Trabajadores del Sector Público y Docentes del Sector Público
a) Certificación de reproducción notarial (antes copia legalizada) del DNI o documento oficial de identidad del ASEGURADO
b) Número del CUSSP (Seguridad Social)
c) Resolución de cese en la que consten los motivos del cese del trabajador no atribuibles a la conducta ni capacidad de trabajo del empleado o funcionario público.
d) Liquidación de beneficios por cese (o documento similar expedido por la entidad pública)
e) Declaración jurada manifestando que a la fecha del siniestro el ASEGURADO se encuentra en situación de Desempleo.
INCAPACIDAD FISICA TEMPORAL POR ENFERMEDAD O ACCIDENTE
ASEGURADO Independiente
a) Certificación de reproducción notarial (antes copia legalizada) del DNI o documento de identidad del ASEGURADO
b) Certificado xx Xxxxx de 4ta, categoría
c) Declaración Jurada del impuesto a la Renta de 4ta.categoría.
d) Certificación de reproducción notarial (antes copia legalizada) de los últimos Recibos por Honorarios por un número de meses equivalente al indicado como Antigüedad Laboral Mínima.
e) Certificado médico original emitido por el médico tratante del ASEGURADO que acredite la incapacidad Física Temporal.
f) Informe médico que indique el periodo de tiempo en que el ASEGURADO permanecerá incapacitado de ejercer su actividad laboral, detallando:
Causas de la incapacidad
Diagnóstico definitivo
Tratamiento realizado
Pronóstico
Días de descanso
Numero de Historia Clínica
Clínica u Hospital donde recibió la atención
Médico Tratante
Fecha de atención
Para la continuidad de los pagos del segundo Concepto Mensual y siguiente(s), en el caso que corresponda(n):
El ASEGURADO Dependiente que efectúa sus aportaciones al Sistema Privado de Pensiones deberá presentar mensualmente el Estado de Cuenta detallado original (emitido por la AFP del ASEGURADO) de las últimas aportaciones (por un número de meses equivalente al indicado como Antigüedad Laboral Mínima), emitido con fecha posterior al vencimiento del concepto reclamado.
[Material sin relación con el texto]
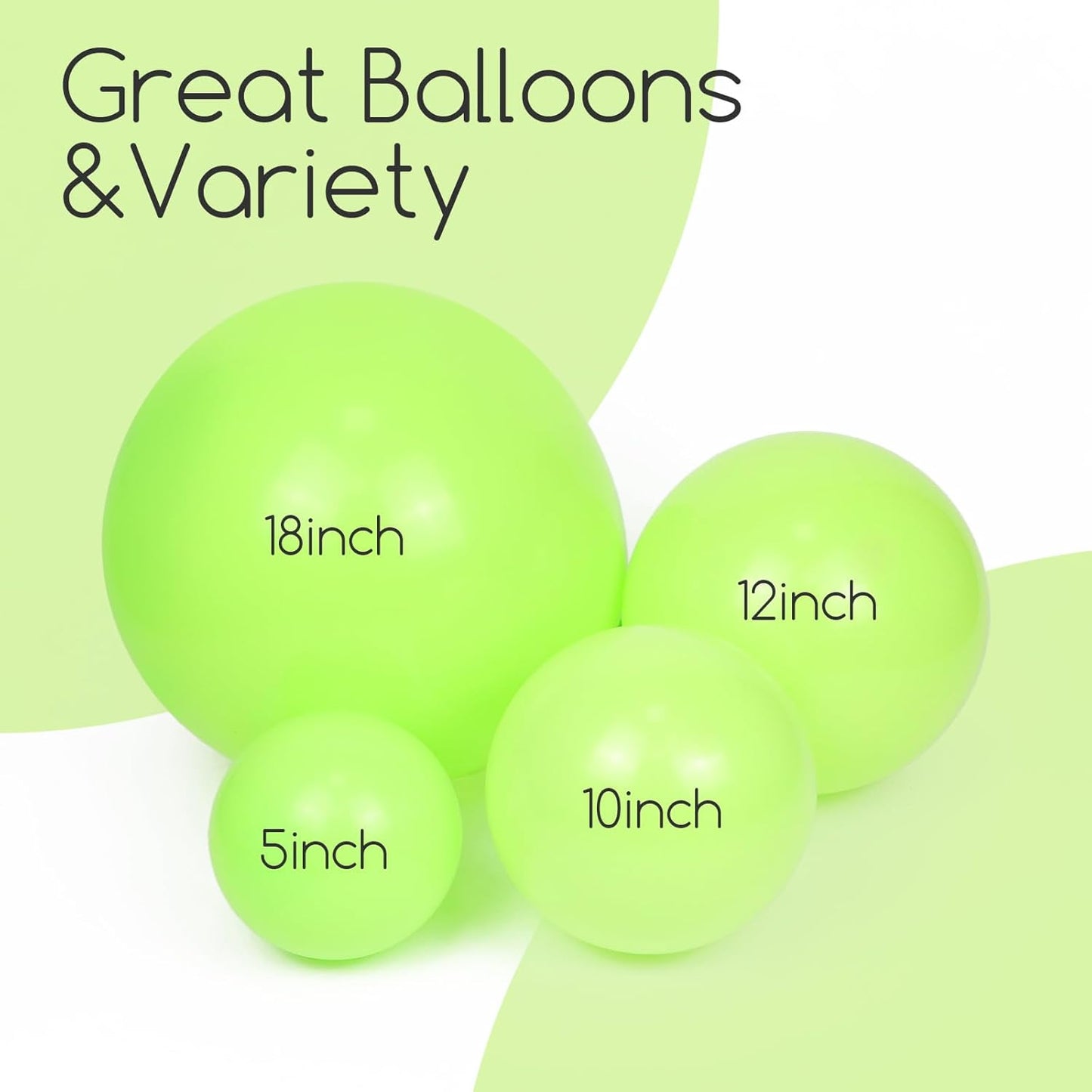 Skiennix Lime Green Balloons - 120pcs in 5-18 Inch Sizes for Dinosaur Baby Shower & Birthday Party Decor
El ASEGURADO Dependiente que efectúa sus aportaciones al Organismo Nacional de Pensiones deberá presentar mensualmente el Certificado de Aportaciones emitido por ESSALUD, el cual detalla las aportaciones efectuadas por el ASEGURADO Dependiente durante los tres (3) últimos años.
Artículo 13° LIQUIDACION Y PAGO DE LA INDEMNIZACION
Recibida la documentación completa, la liquidación y pago de la indemnización se realizará de acuerdo a lo establecido en los numerales 14.7 y 14.10 de las Cláusulas Generales de Contratación comunes a los Seguros de Riesgos Generales.